• **Instructions to follow**
In how many lines of the data below does the word "ACTIV" appear? Reply with the number and nothing more.

• **Material for this task**
-- Opening Marker --

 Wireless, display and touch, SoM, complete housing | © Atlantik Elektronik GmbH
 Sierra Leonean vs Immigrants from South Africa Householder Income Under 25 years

-- Closing Marker --
-- Opening Marker --

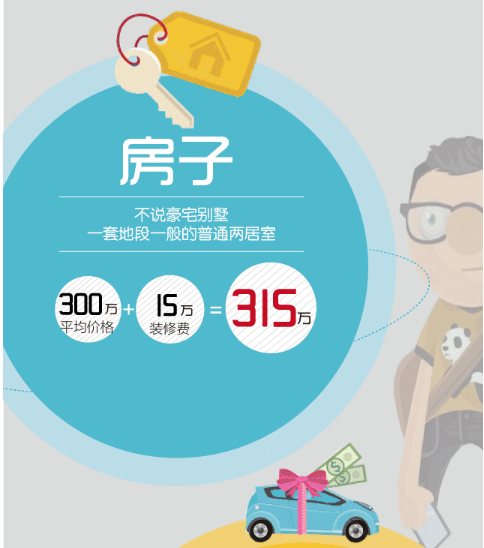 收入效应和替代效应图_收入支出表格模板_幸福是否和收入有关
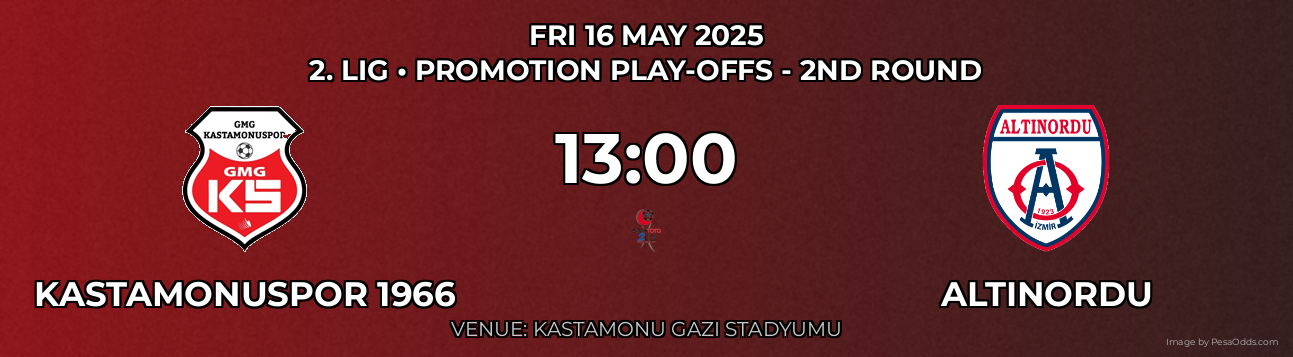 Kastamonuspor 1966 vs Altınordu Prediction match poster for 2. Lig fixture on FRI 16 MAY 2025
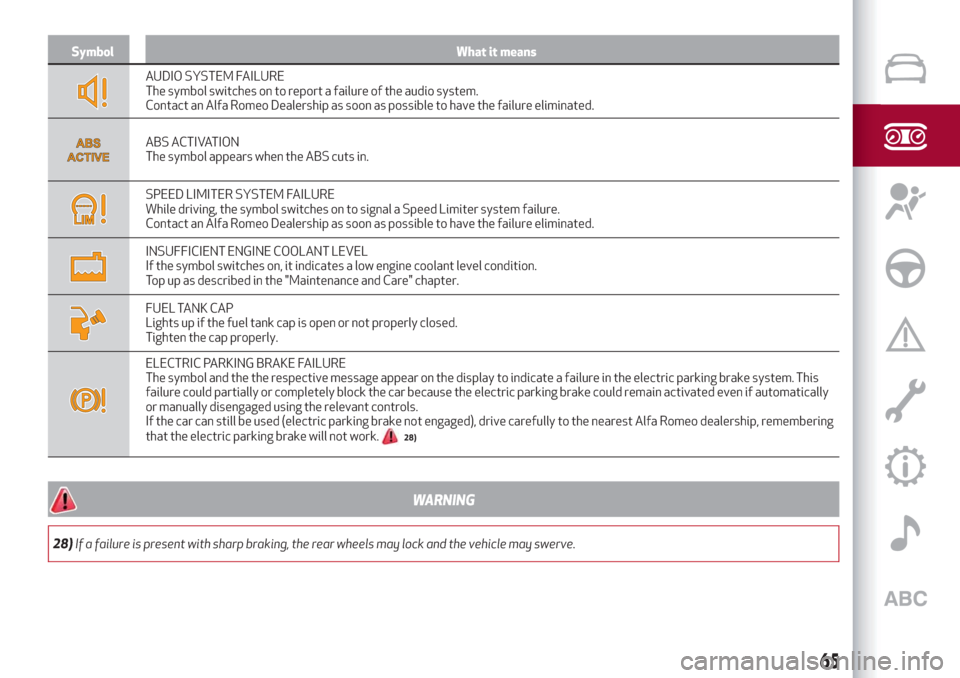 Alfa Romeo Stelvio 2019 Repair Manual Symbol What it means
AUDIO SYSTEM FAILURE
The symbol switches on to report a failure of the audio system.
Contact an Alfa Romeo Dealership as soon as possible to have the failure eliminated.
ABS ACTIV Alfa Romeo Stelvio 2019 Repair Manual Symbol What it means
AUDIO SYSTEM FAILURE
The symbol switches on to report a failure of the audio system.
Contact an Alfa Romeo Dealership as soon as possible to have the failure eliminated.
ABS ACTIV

-- Closing Marker --
-- Opening Marker --

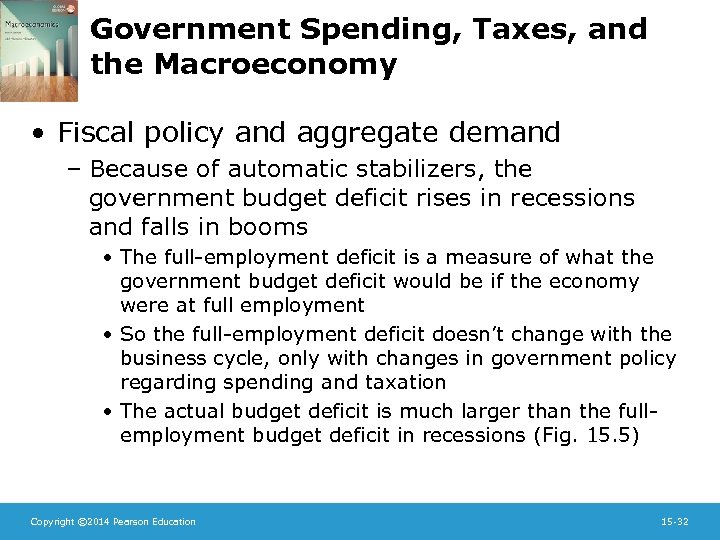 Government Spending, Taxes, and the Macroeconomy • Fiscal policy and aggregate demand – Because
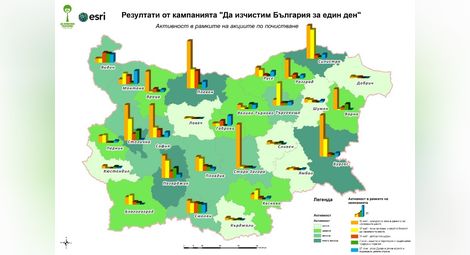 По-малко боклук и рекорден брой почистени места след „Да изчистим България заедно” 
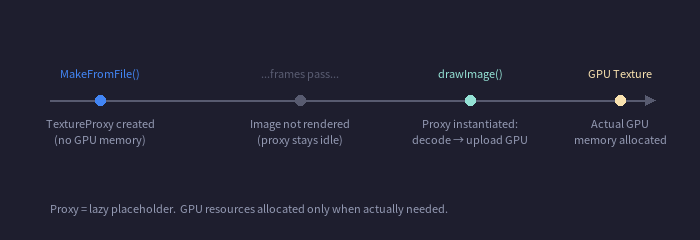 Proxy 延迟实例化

-- Closing Marker --

• **Written response**
2